Transient orca T137 appears near a BC Ferry on Feb. 17, 2020.

CN - Coronavirus means endangered orcas are experiencing a quieter ocean for the first time. Here's what that sounds like

VANCOUVER, CN —The waters off the coast of British Columbia are quiet these days. So quiet, the whales don’t have to shout to be heard over the loud hum of noise we humans make with our boats.

Due to coronavirus restrictions, yachts have been anchored at marinas, BC Ferries says trips are down by 80 per cent and whale watching businesses have closed.

It’s a rare opportunity that has scientists scrambling. For decades, they’ve asserted that a quieter ocean could help take the Salish Sea’s southern resident killer whales off the endangered species list. But they lacked enough data to quantify this theory — until now.

The Salish Sea off Canada’s West Coast is an inland sea dotted with islands that cargo ships must navigate in order to dock at the busy ports near Vancouver and Seattle. The Salish Sea is also home to the iconic orcas — and normally, it’s an incredibly noisy home.

Here, the low rumble of the ocean liners is constant.

And motors from smaller vessels punctuate the soundscape as they whiz by.

Underwater, sounds travel incredibly well. Some baleen whales can call to each other from as far as tens of thousands of kilometres apart. But orcas communicate in closer quarters and at a higher register — around the same register as the sound small boats make.

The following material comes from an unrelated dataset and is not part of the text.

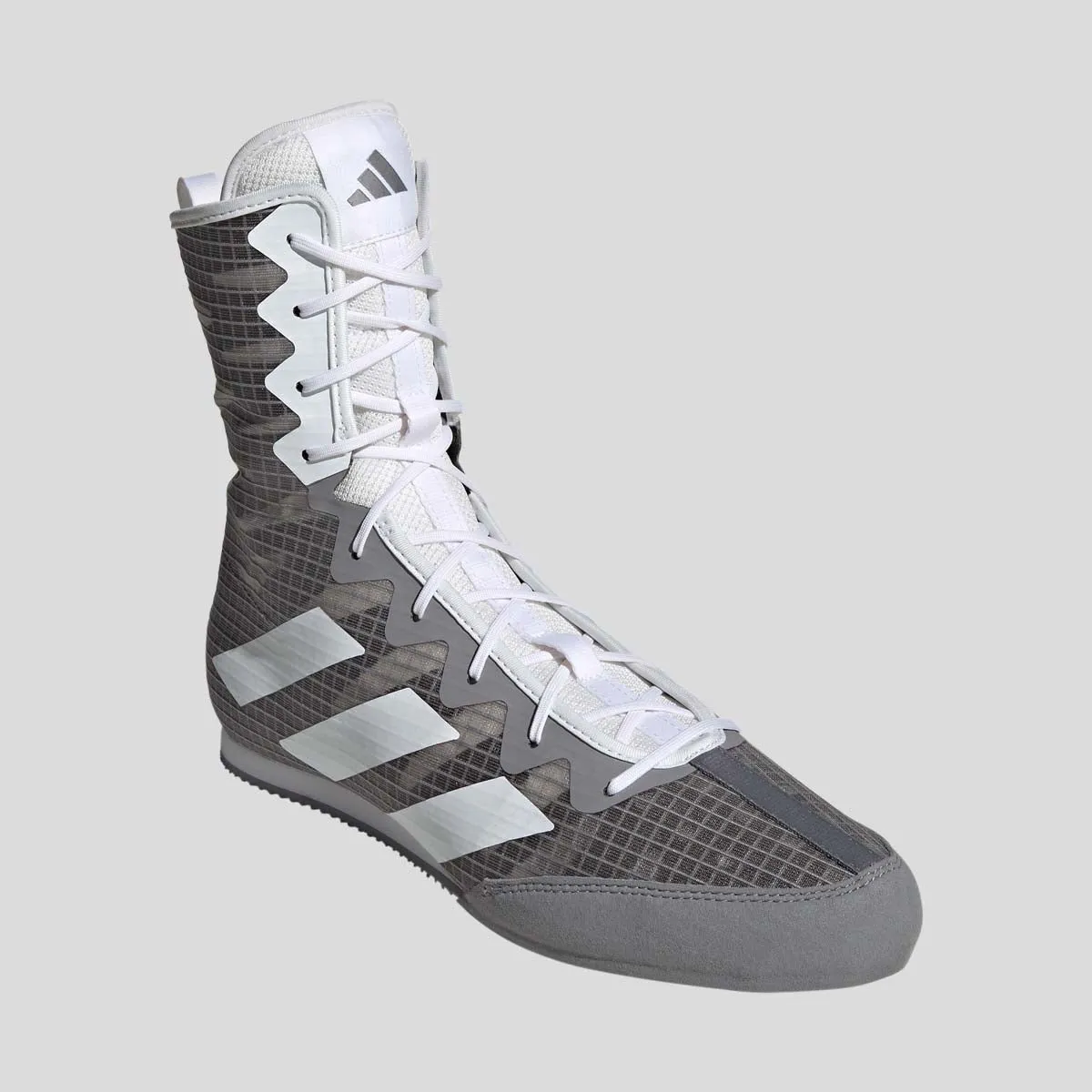 Adidas Box Hog 4 Boxing Boots Grey/White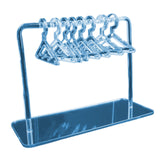 Maxbell Cute Earring Display Stand Mini Coat Hanger Rack Decor for Desktop Showcase Blue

“When we put that kind of noise into their environment, it can really impact the ability of these whales to effectively communicate with each other, and to detect the fish,” said Lauren McWhinnie, a marine biologist and coastal geographer who has been studying the effect of vessel noise on orcas for the past five years at the University of Victoria.

She compared it to trying to talk to a friend at a noisy pub. It’s difficult to hear because everyone is talking at about the same register, said McWhinnie, who is currently an assistant professor at Heriot-Watt University in Edinburgh, Scotland.

“We know from studies the whales have adapted over time to increase the energy in their calls, and they change the type of calls they are using,” she said. “The theory is they’re trying to talk over that background noise level.”